··· SOURCE MATERIAL

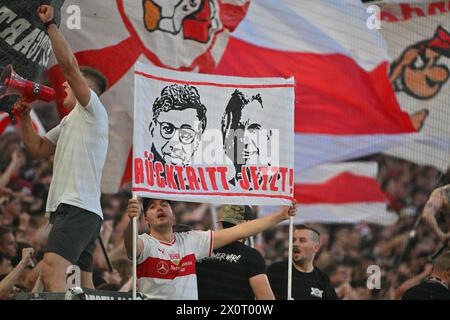 Stoccarda, Germania. 13 aprile 2024. Calcio: Bundesliga, VfB Stuttgart - Eintracht Frankfurt, Matchday 29, MHPArena. I tifosi di Stoccarda reggono uno striscione con slogan contro la direzione del club. Uno dice: "Dimettiti ora!". Credito: Jan-Philipp Strobel/dpa - NOTA IMPORTANTE: in conformità con i regolamenti della DFL German Football League e della DFB German Football Association, è vietato utilizzare o far utilizzare fotografie scattate nello stadio e/o della partita sotto forma di immagini sequenziali e/o serie di foto video./dpa/Alamy Live News Foto Stock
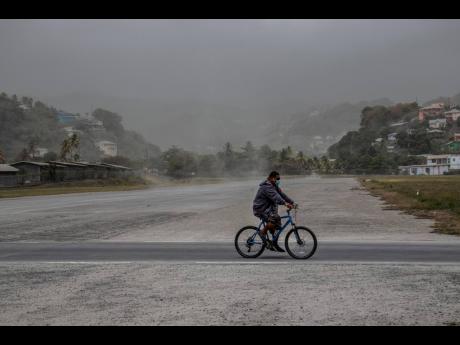 A man rides his bicycle past fields covered with volcanic ash a day after the La Soufriere volcano erupted, in Kingstown, on the eastern Caribbean island of St Vincent and the Grenadines last Saturday.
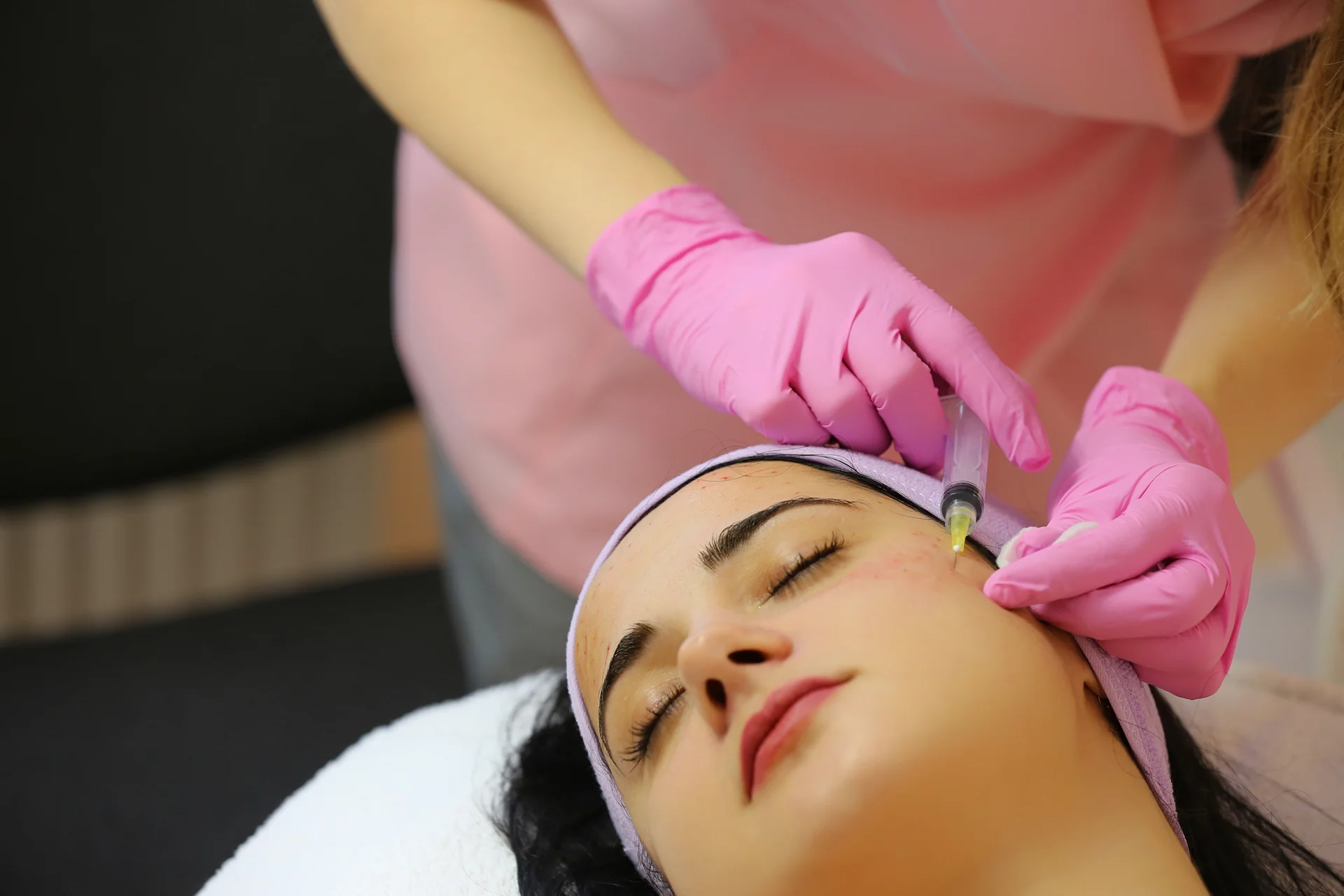 a woman getting cheek filler||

······

■ **WORK TO BE COMPLETED**: I would like the lines from the one with "A man rides" through the last line of the data above retyped exactly, with pictures left out, please.

■ **RESPONSE TO THIS EXERCISE**:
 A man rides his bicycle past fields covered with volcanic ash a day after the La Soufriere volcano erupted, in Kingstown, on the eastern Caribbean island of St Vincent and the Grenadines last Saturday.
 a woman getting cheek filler||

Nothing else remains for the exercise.